National Forests get stimulus funds
More than $274 million in federal economic stimulus monies will flow to U.S. Forest Service lands in 32 states, U.S. Agriculture Secretary Tom Vilsack announced Tuesday.
The American Recovery and Reinvestment Act funds involve 191 projects for forest facilities and trails and related ecosystems and watersheds.
Minnesota will receive $9.3 million for three projects.
The funding includes $2.65 million for capital improvement and maintenance of historic Civilian Conservation Corps facilities on the Chippewa and Superior National Forests.
Partners in the projects are the Minnesota Conservation Corps. Leech Lake and Boise Forte Bands of Ojibwe and the Cass Lake-Bena School District.
"This project will help preserve some of the Forest Service's finest examples of Civilian Conservation Corps constructed architecture and adapt these noteworthy historic structures for re-use and enjoyment by visitors today and in the future," states a project description.
"The centerpiece of this project is the stabilization and restoration of Camp Rabideau, a former CCC camp and designated National Historic Landmark," it said. "Camp Rabideau is one of the most intact CCC camps in the nation, and is still used by former CCC'ers for annual reunions."
The project description said the camp is envisioned for future use by the Red Lake Band of Chippewa, among others. "It will be a destination site for visitors to northern Minnesota, thus contributing to the local economy."
Historic buildings built in the 1930s by the CCC in the Superior National Forest will be repaired or maintained, and foundation, roofing, stone and/or log replacement or repair will be done, it said.
Also in the funding package, 11 states will share $3.4 million for rehabilitation of potable water systems and sewage treatment systems at seven recreation areas, surveys to update operational and maintenance plans at 14 national forests, and installation of solar well pump houses at three recreational sites on two forests.
Cass Lake is one project area.
"The Recovery Act projects we're announcing ... are central to creating jobs and building a better, stronger economy in the future," Vilsack said in a statement. "These projects exemplify President Obama's commitment to sustainability, reducing our environmental footprint and increasing energy efficiency, which will benefit the 178 million people who visit the National Forests each year, generate additional tourism activity and stimulate local economies."
Projects include installing a photovoltaic solar cell system at Forest Service sites such as the San Dimas Technology and Development Center in southern California.

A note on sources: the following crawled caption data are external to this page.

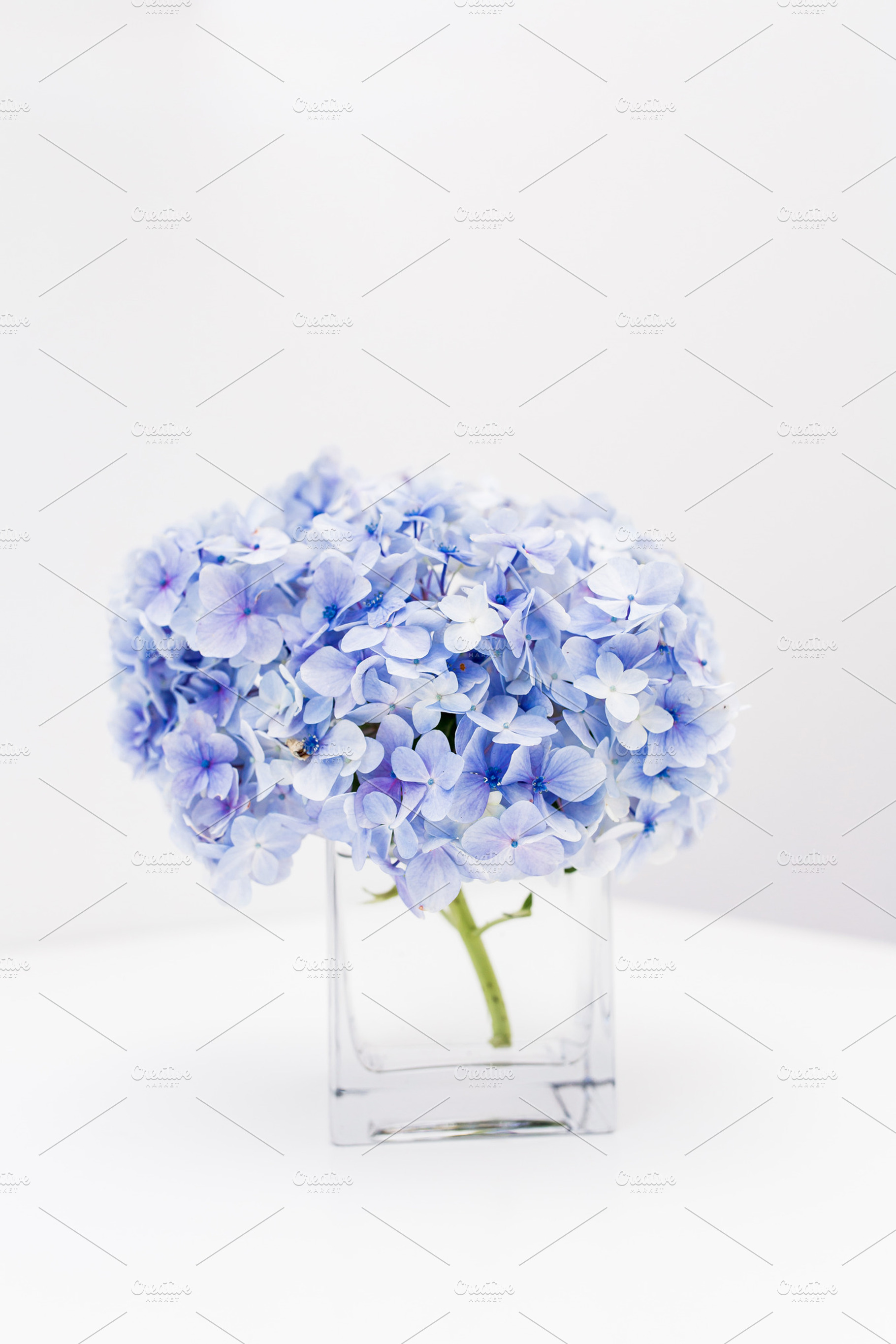 Hydrangeas in vase on desk containing flowers, blooms, and hydrangeas, a Nature Photo by The Snap Shop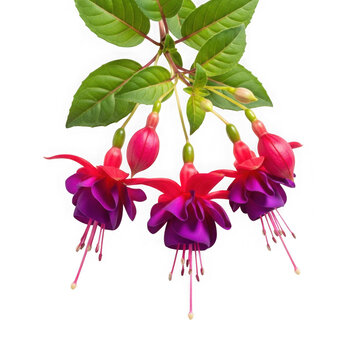 A cluster of vibrant fuschia flowers with bright red stamens and green leaves isolated on white background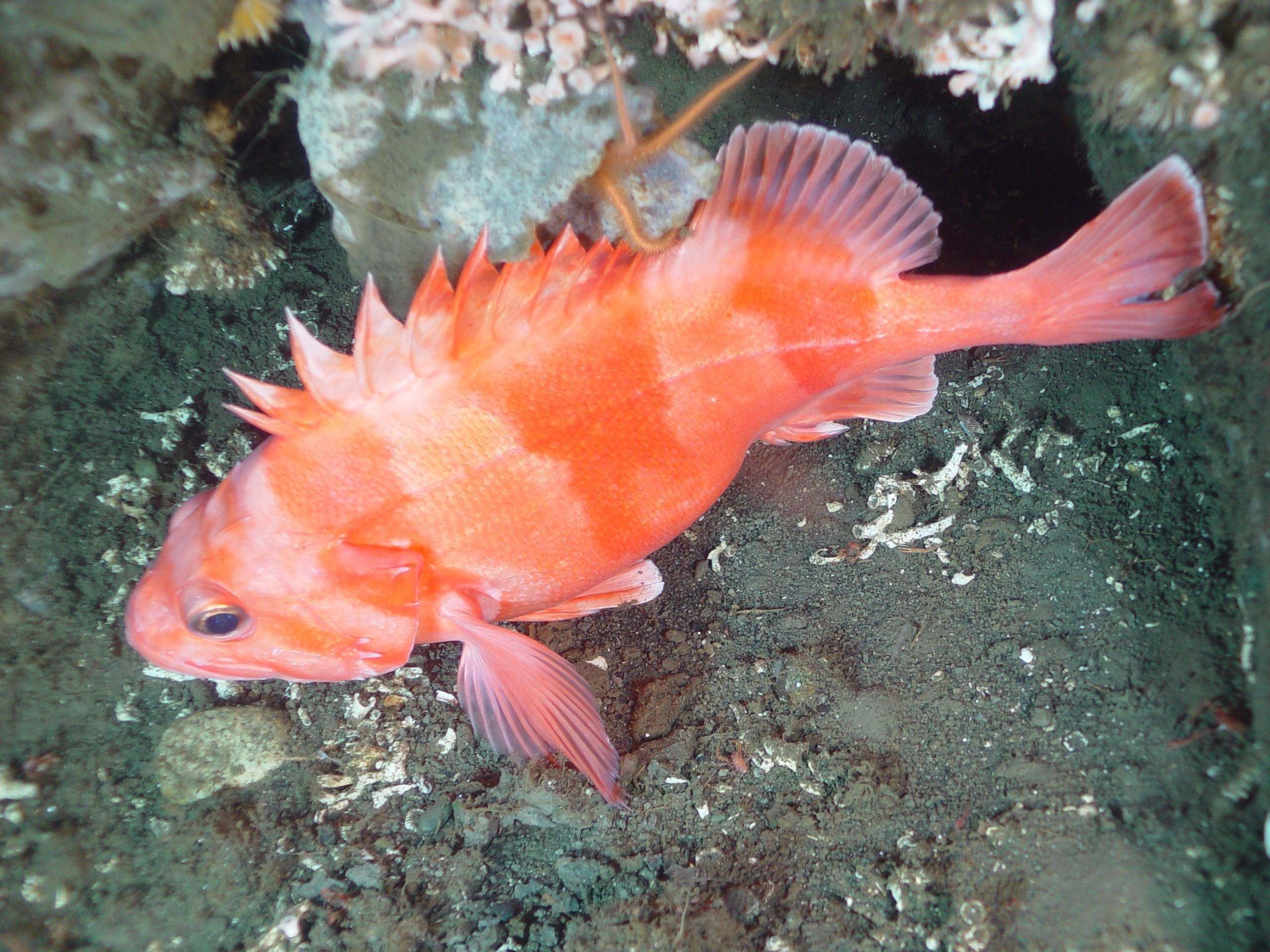 Красная рыба разновидности с фото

The improvement will produce enough electricity to meet all of the center's needs, thus making it a "zero-net-energy" facility.
The Forest Service Trails System provides miles of recreational opportunities and access to the backcountry for a wide diversity of users including hikers, horseback riders, mountain bikers, cross-country skiers, snowmobilers, hunters, fishing enthusiasts, and all-terrain vehicle riders, Vilsack said.
Trails bring together people of all ages and abilities, encourage healthy lifestyles, and promote general well-being. Many of the projects will be accomplished through partner and youth organizations which add the benefit of collaboration and community building.
Four states, including Minnesota, will share $3.9 million to repair heavily used popular recreational trails. Targeted in Minnesota is the Superior National Forest.